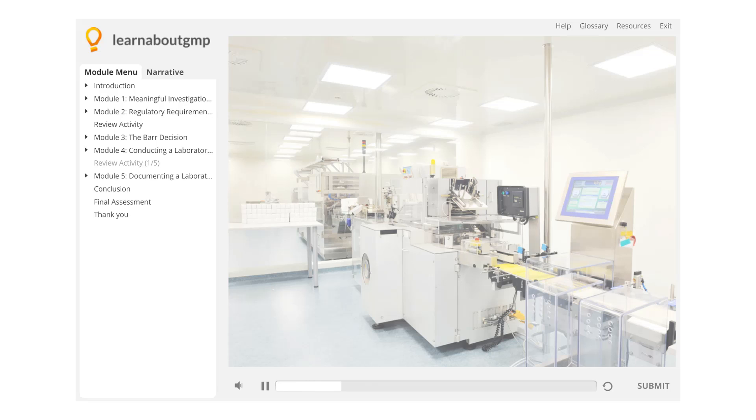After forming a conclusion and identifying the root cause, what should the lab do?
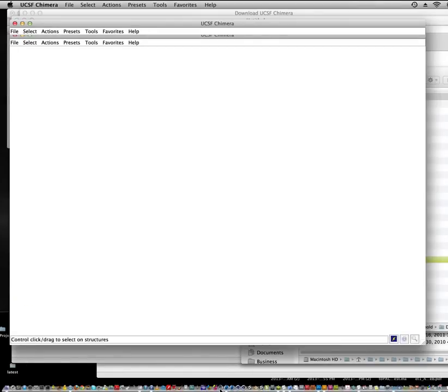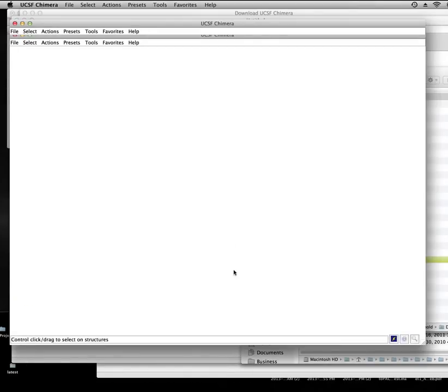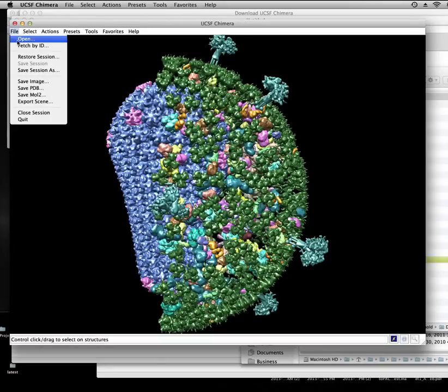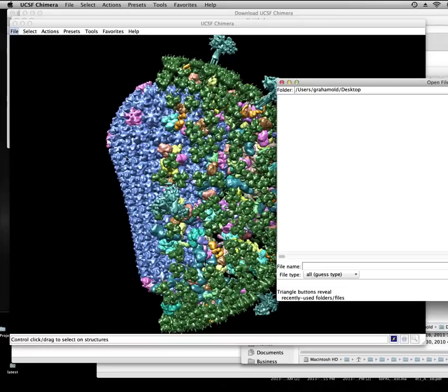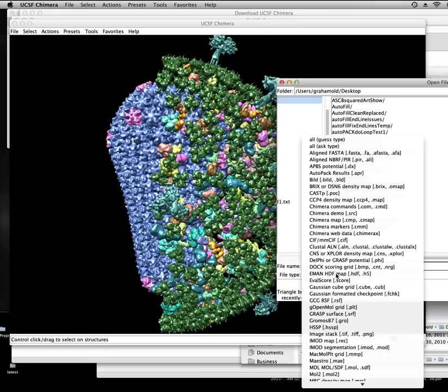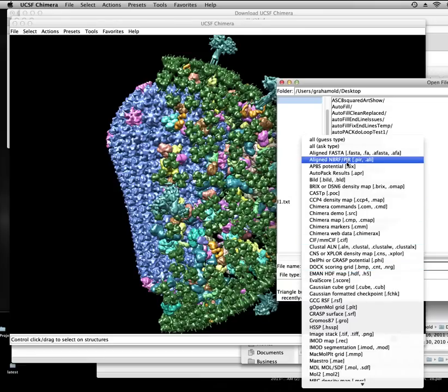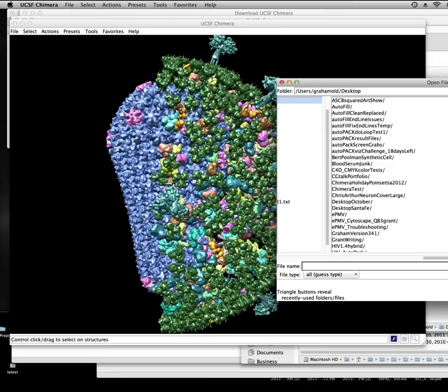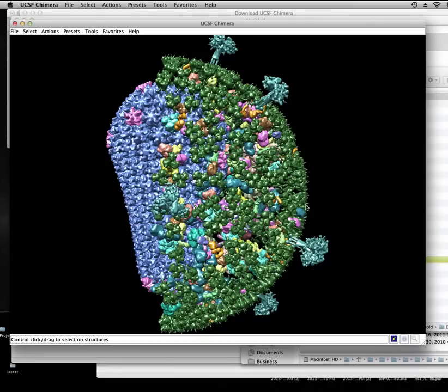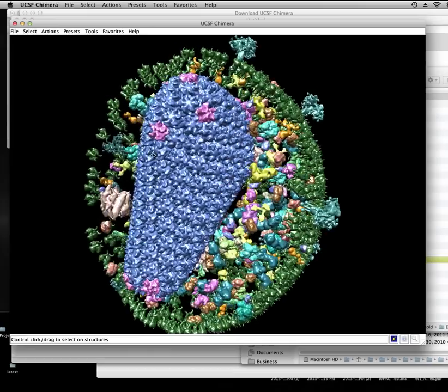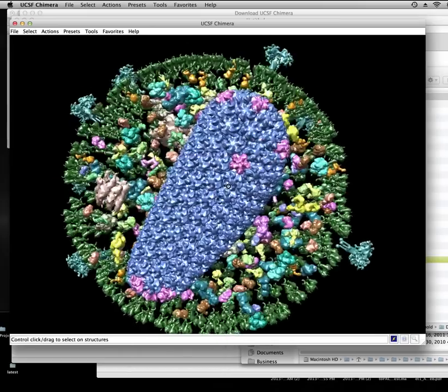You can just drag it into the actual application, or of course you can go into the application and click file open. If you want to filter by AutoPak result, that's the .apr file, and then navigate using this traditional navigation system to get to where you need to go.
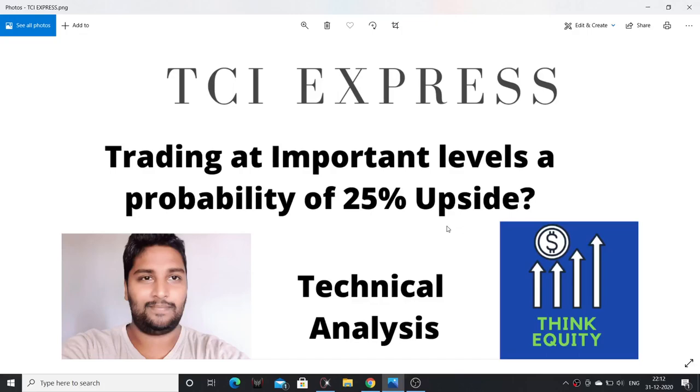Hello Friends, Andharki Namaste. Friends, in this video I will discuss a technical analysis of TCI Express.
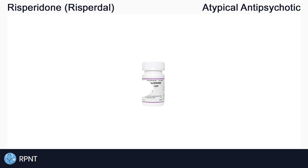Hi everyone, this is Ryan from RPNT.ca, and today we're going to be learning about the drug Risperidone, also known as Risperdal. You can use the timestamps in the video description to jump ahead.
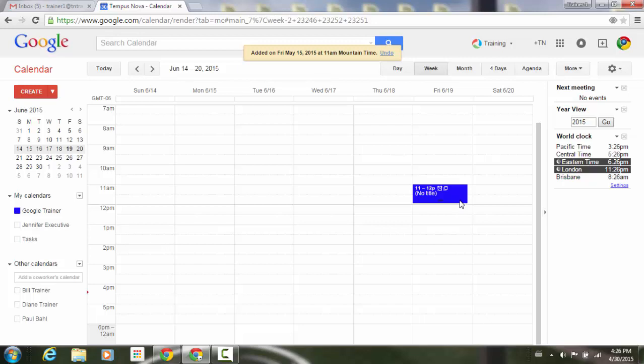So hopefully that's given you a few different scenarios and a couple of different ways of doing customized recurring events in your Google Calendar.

================================

Work instructions
Repeat, with no pictures, every line from the top of the entries above through the line that has "Hello Friends, Andharki", keeping each one exact.

Solution for this exercise
After forming a conclusion and identifying the root cause, what should the lab do?
You can just drag it into the actual application, or of course you can go into the application and click file open. If you want to filter by AutoPak result, that's the .apr file, and then navigate using this traditional navigation system to get to where you need to go.
Hello Friends, Andharki Namaste. Friends, in this video I will discuss a technical analysis of TCI Express.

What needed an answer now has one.